Question

To a 25mL ${H_2}{O_2}$ solution, excess of acidified solution of KI was added. The iodine liberated required 20mL of 0.3N $N{a_2}{S_2}{O_3}$ solution. The volume strength of ${H_2}{O_2}$ solution is:
(A) 1.344 g/L
(B) 3.244 g/L
(C) 5.4 g/L
(D) 4.08 g/L

Answer 1

Hint: Two moles of sodium thiosulphate can reduce one mole of iodine. First calculate the moles of iodine produced. Then find the strength of the hydrogen peroxide solution with the help of reaction between ${H_2}{O_2}$ and $KI$.

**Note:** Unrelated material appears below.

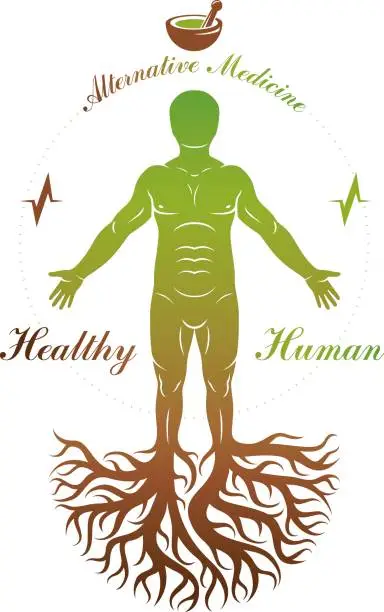 Vector illustration of Vector graphic illustration of strong male depicted as continuation of tree and composed with mortar and pestle. Phytotherapy metaphor, healthy lifestyle concept.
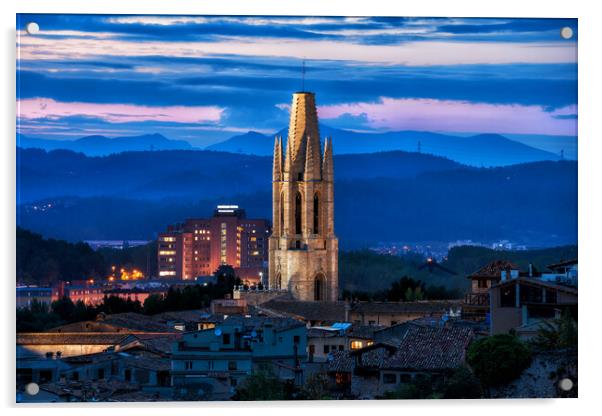 Sant Feliu Basilica Tower at Dusk in Girona Acrylic by Artur Bogacki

Complete step by step solution:
We will first calculate the moles of the iodine generated and then we will calculate the strength of the hydrogen peroxide solution.
- The reaction between iodine and sodium thiosulphate can be given as
\[2N{a_2}{S_2}{O_3} + {I_2} \to N{a_2}{S_4}{O_6} + 2NaI\]
From the above reaction, we can say that two moles of sodium thiosulphate react with one mole of iodine.
So, we can say that 1000mL of 2N $N{a_2}{S_2}{O_3}$ reacts with 1 mole of iodine. Thus, 20mL of 0.3N $N{a_2}{S_2}{O_3}$ will react with $\dfrac{{20 \times 0.3 \times 1}}{{1000 \times 2}} = 0.003moles$ of iodine (${I_2}$).
Thus, we found that 0.003 moles of iodine gas would have been generated.
- Now, the reaction between KI and hydrogen peroxide to give iodine gas in an acidic medium can be given below.
\[2KI + {H_2}S{O_4} + {H_2}{O_2} \to {K_2}S{O_4} + 2{H_2}O + {I_2}\]
From the above reaction, we can say that the number of moles of iodine produced will be equal to the number of moles of ${H_2}{O_2}$ consumed.
So, the number of moles of ${H_2}{O_2}$ present in 25mL of its solution will be 0.003moles.
Now, we know that weight of 0.003moles of ${H_2}{O_2}$= $Number$ $of$ $moles$ $ \times $ $Molecular$ $weight$
Weight of ${H_2}{O_2}$ = $0.003$ $ \times $ $34$ $= 0.102g$
Now, we know that the strength of the solution is the weight of solute present in 1L of the solution. We know that 0.102g of ${H_2}{O_2}$ is present in 25mL of the solution.
So, strength of the ${H_2}{O_2}$ solution (weight of ${H_2}{O_2}$ in 1L solution) = $\dfrac{{1000 \times 0.102}}{{25}} = 4.08g/mL$
Thus, we obtained that strength of the solution is 4.08g/mL

So, the correct answer is (D).

Note: Remember that the volume strength of any solute is its weight in gm per one liter of the solution. Note that ${H_2}{O_2}$ acts as an oxidizing agent in the reaction with $KI$ where $KI$ acts as a reducing agent.